Outre la richesse de la capitale évoquée par les bulbes dorés visibles au loin, Andrei Serban
insiste sur l’opulence des appartements princiers au II, avec un seul
immense rideau rouge, tandis que le peuple, guerrier (les streltsy) ou
religieux (les Vieux-Croyants), en est réduit à la terre dans toute sa
nudité au III. Cette opposition résolue est résumée par Dosifei dans sa
querelle avec les Princes, où Moussorgski fustige, à travers lui, la
noblesse qui parle tandis que le peuple agit. A la fin de l’ouvrage,
après le dernier tableau saisissant dans les pénombres de la forêt,
Andrei Serban a l’idée géniale de faire se dévêtir les choeurs de leur
cape noire, faisant ainsi apparaitre au sol les cadavres des
Vieux-Croyants sacrifiés au bûcher, une fois la scène vidée. L’ultime
apparition du futur tsar Pierre Le Grand, encore enfant, donne une
dernière image tout aussi impressionnante, en lien avec la fin «ouverte»

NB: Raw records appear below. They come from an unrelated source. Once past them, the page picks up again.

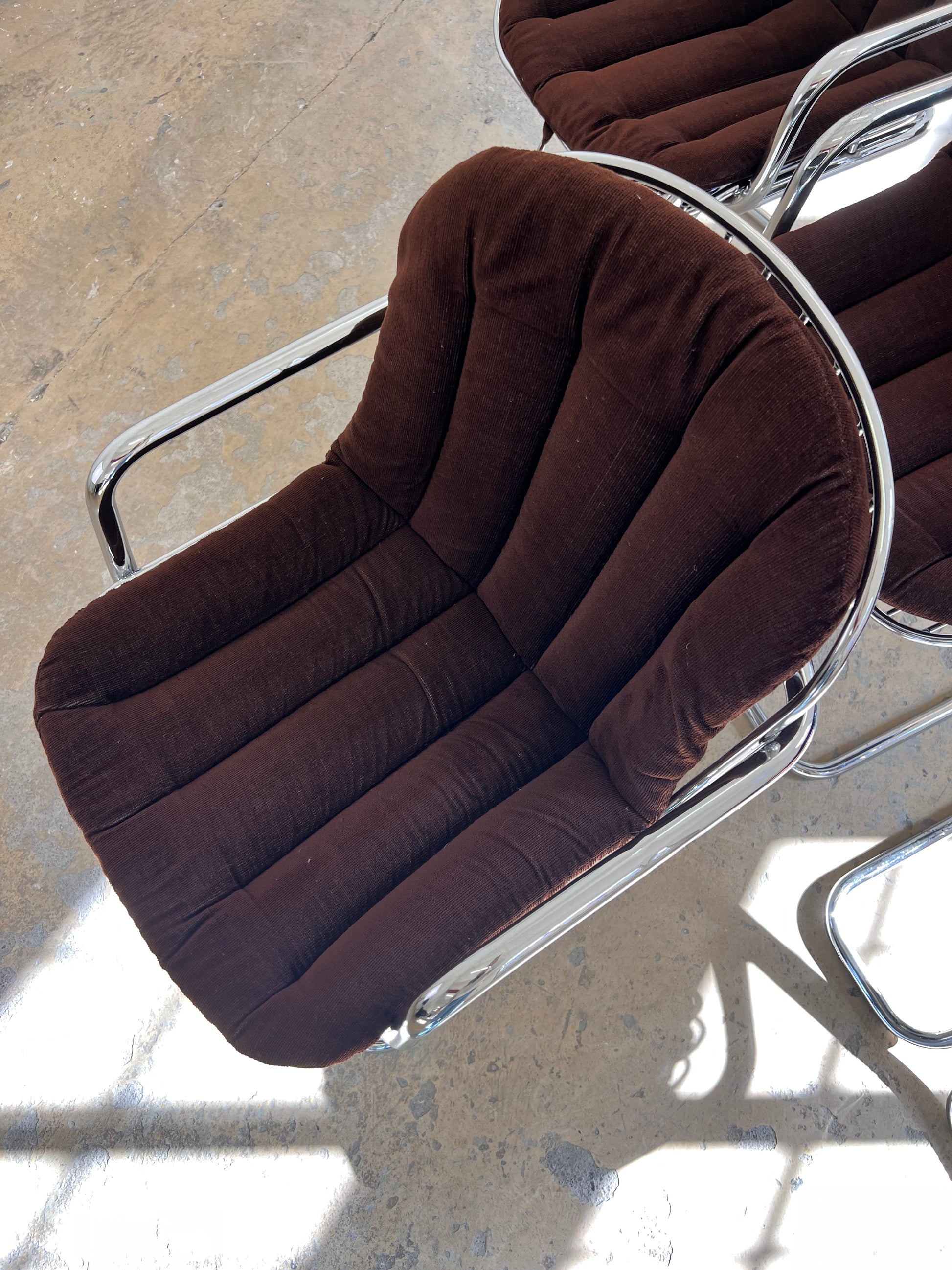 Freischwinger Chrom mit braunem Sitzkissen von Gastone Rinaldi für Rima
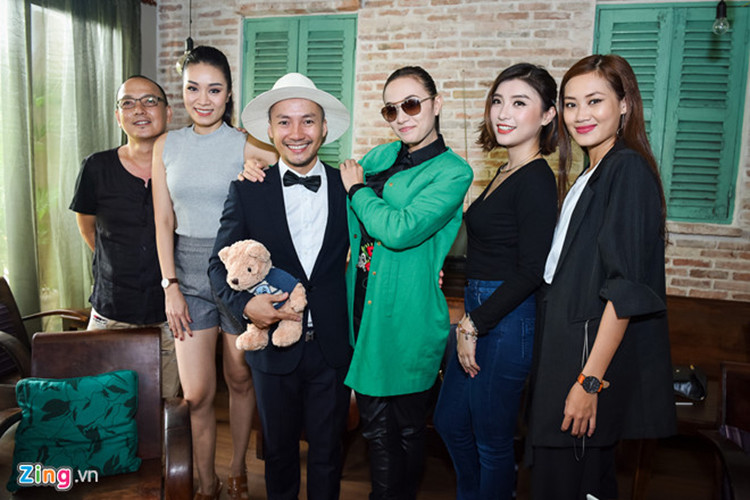 Nữ ca sĩ Minh Thư (thứ hai bên trái) cũng từng là bạn gái tin đồn của Tiến Đạt. Ảnh: Zing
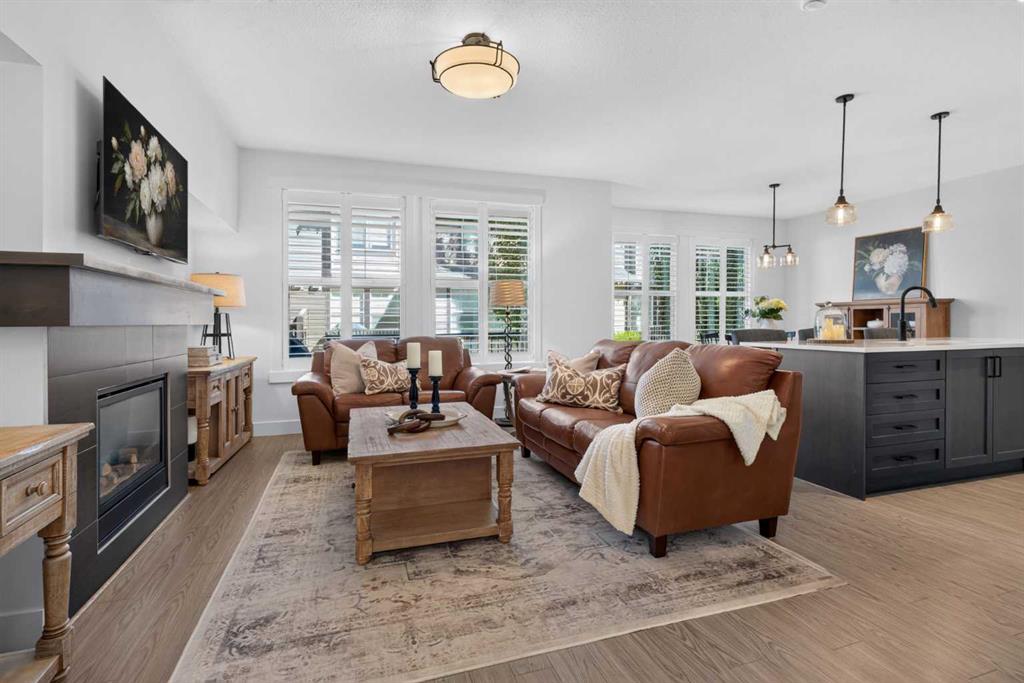 Picture of 202, 110 Coopers Common SW, Airdrie Real Estate Listing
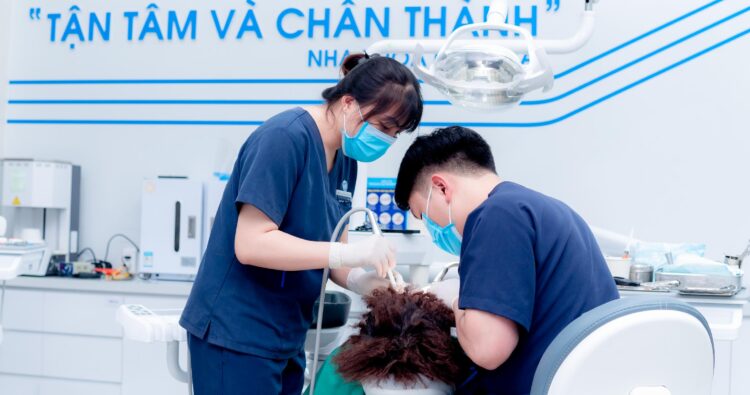 trồng răng implant tức thì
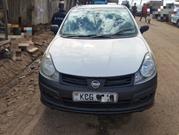 Nissan Advan 2004 White for sale
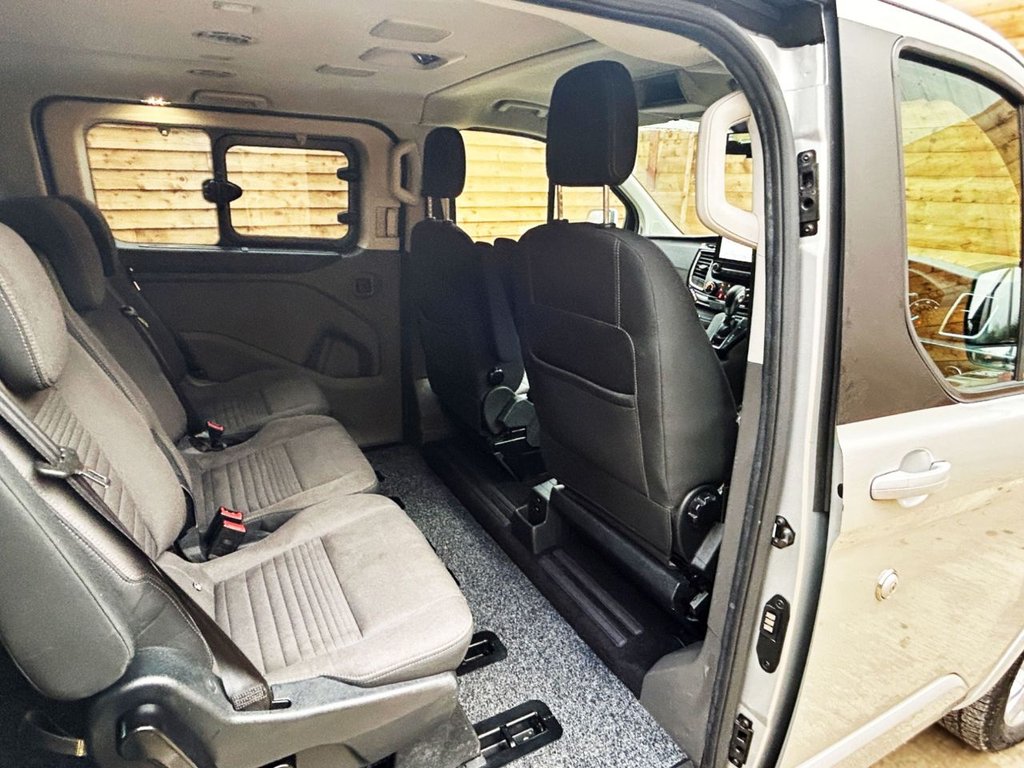 Used Ford Tourneo Custom 2020 for sale - 76950258: Photo 20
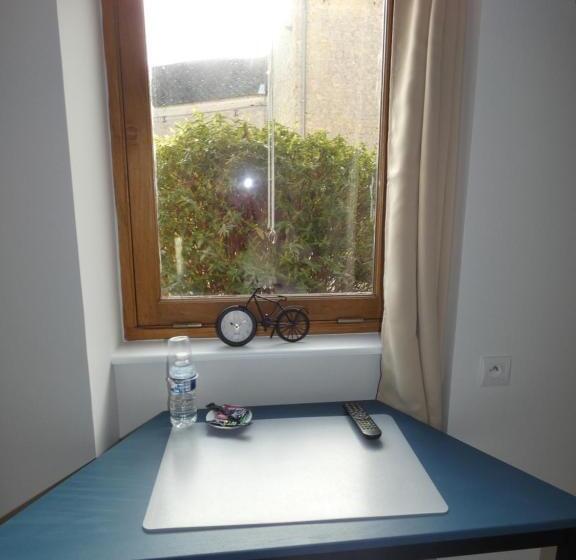 标准单人间, Hôtel Restaurant Le Clos De L 'ancien Pressoir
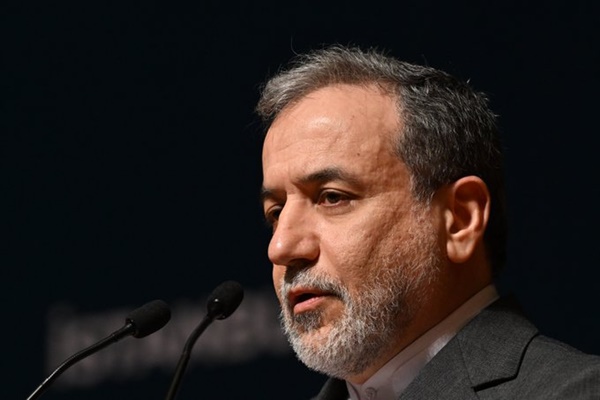 Iran’s Foreign Minister to Meet President Putin in Moscow Tomorrow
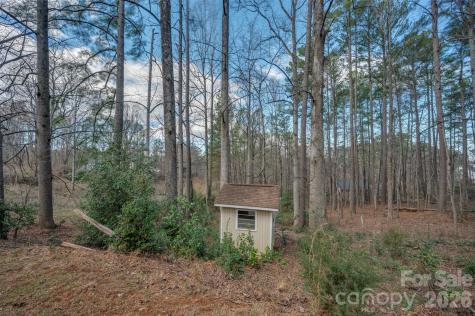 149 Woodbriar Drive Forest City NC 28043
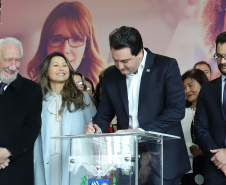 O governador Carlos Massa Ratinho Junior apresentou nesta terça-feira (24), no Palácio Iguaçu, em Curitiba, o Programa Banco da Mulher Paranaense. Participaram: vice-governador, Darci Piana; secretários:da Fazenda, Renê Garcia Junior; Chefe da Casa Civil, Guto Silva; presidente da Fomento Paraná, Heraldo Alves das Neves; deputados; entre outros.Curitiba, 24-09-19.Foto: Arnaldo Alves / AEN.
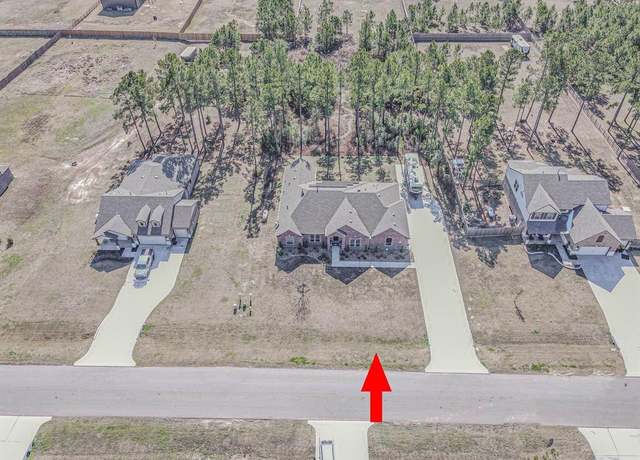 Property at 16350 Ellis St, Conroe, TX 77303, 3 beds, 2.5 baths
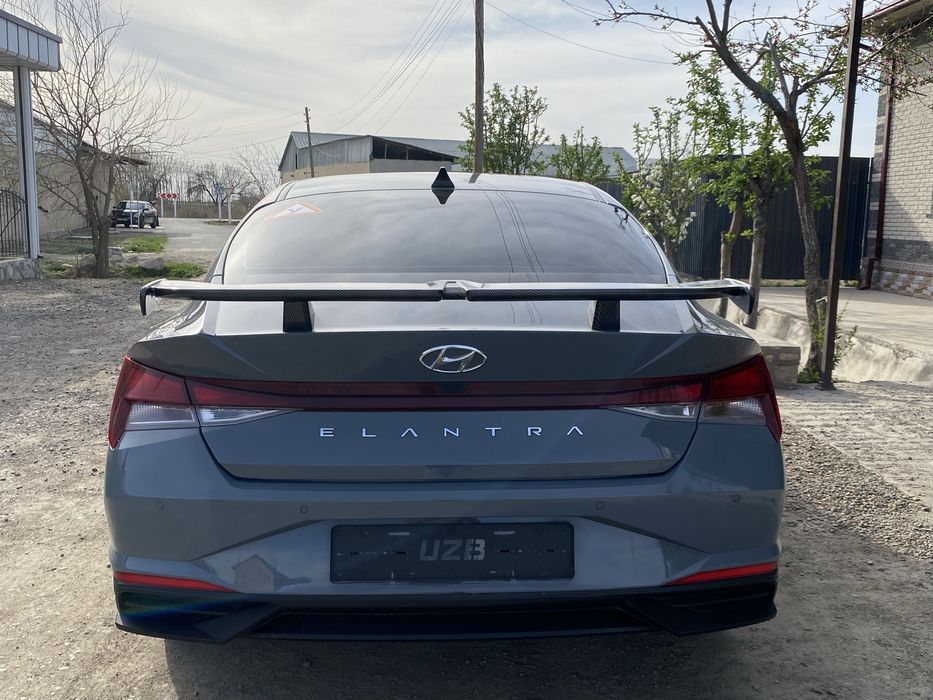 Elantra hyundaii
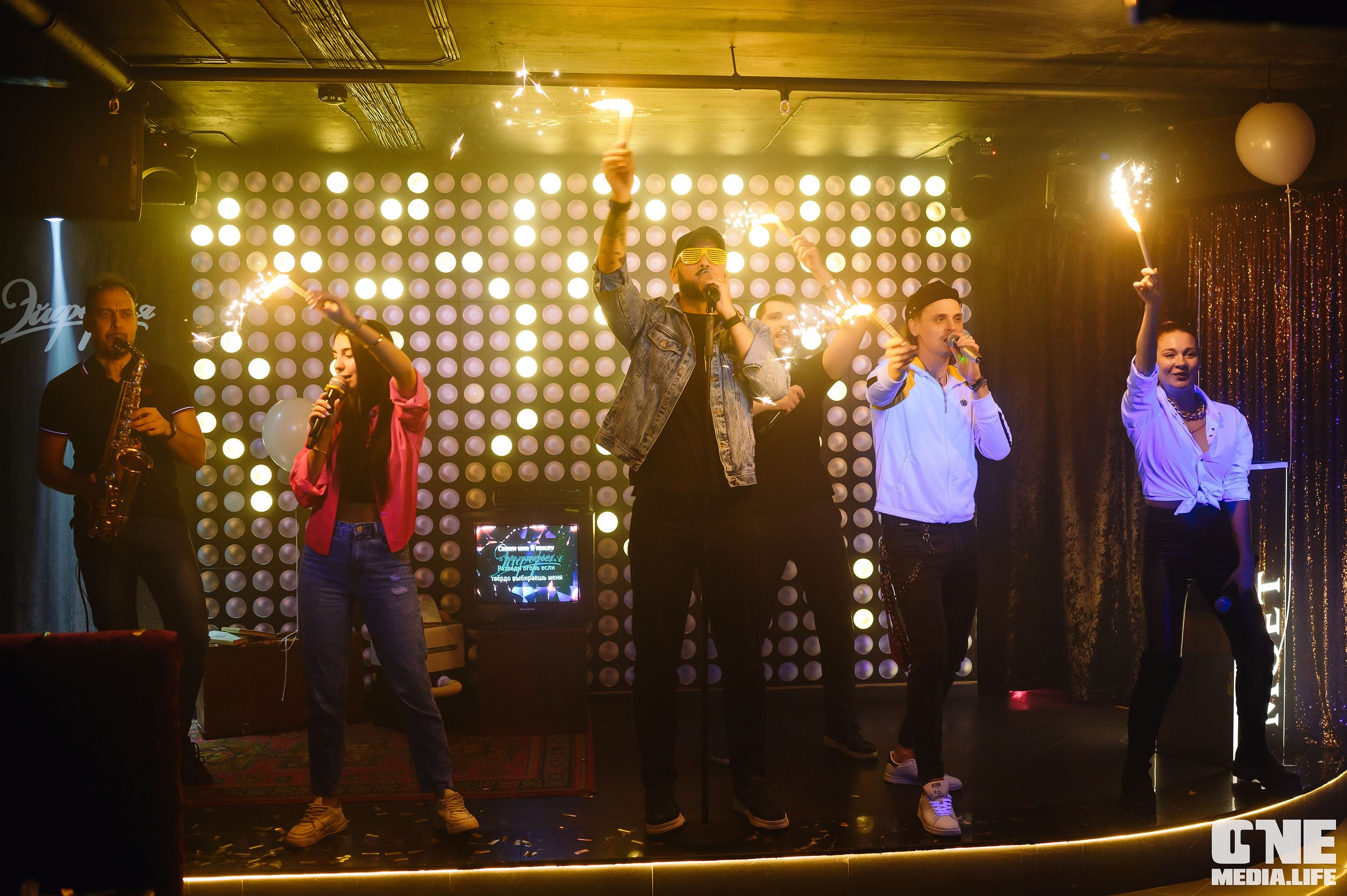 Фоторепортаж из караоке-клуба Эйфория. One Media Life: фоторепортажи, фотоотчеты с мероприятий и заведений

voulue par Chostakovitch (Moussorgski n’ayant pu achever la dernière
scène, qu’il pensait dédier à un quintette vocal).
La distribution réunie par l’Opéra de
Paris donne plusieurs motifs de satisfaction, sans pour autant donner le
sentiment d’une soirée d’exception. Il revient à Anita Rachvelishvili
(Marfa) la plus belle ovation, comme attendu, du fait de ses moyens
toujours aussi percutant dans les graves, autour d’un timbre cuivré du
plus bel effet. Même si on sent que la mezzo ronge quelque peu son
frein dans la première partie «sérieuse» de la soirée, la fureur des
dernières scènes lui permet de faire éclater son tempérament dramatique
dans toute sa mesure. A ses côtés, Dimitry Ivashchenko
(Ivan Khovanski) reçoit également un accueil chaleureux, du fait de sa
noblesse de ligne, d’une parfaite maitrise technique. On peut seulement
lui reprocher un ton un rien monolithique, mais qui convient bien au
parti-pris de la mise en scène, qui insiste sur sa faiblesse de
caractère et sa déprime latente, peu avant son assassinat au IV.
On aime
aussi le Dosifei tout de majesté sereine de Dmitry Belosseslkiy,
même si quelques engorgements dans l’émission ou décalages (dans la
forêt au V) nous rappelle la lourdeur du rôle sur la durée. On note
aussi les prestations superlatives de Gerhard Siegel (Le Scribe) et Vasily Efimov (Kouzka), aussi en voix que truculents, tandis que John Daszak
(Golitsine) déçoit par un chant débrayé, certes très puissant, mais
bien peu aristocratique. Autre déception avec les faussetés dans le
suraigu arraché de Carole Wilson (Suzanna), Anush Hovhannisyan
(Emma) ou des sopranos du Choeur de l’Opéra national de Paris. En
dehors de cette réserve, ce dernier se montre à la hauteur de
l’événement, surtout côté masculin.
Assez rare en France, le chef allemand Hartmut Haenchen
(né en 1943) donne une leçon de maitrise, imprimant des lignes tout de
souplesse, au service d’un legato aérien. Son attention aux nuances est
un régal tout du long, ce qui permet de ne jamais couvrir le plateau
(assez inégal, comme on l’a vu plus haut).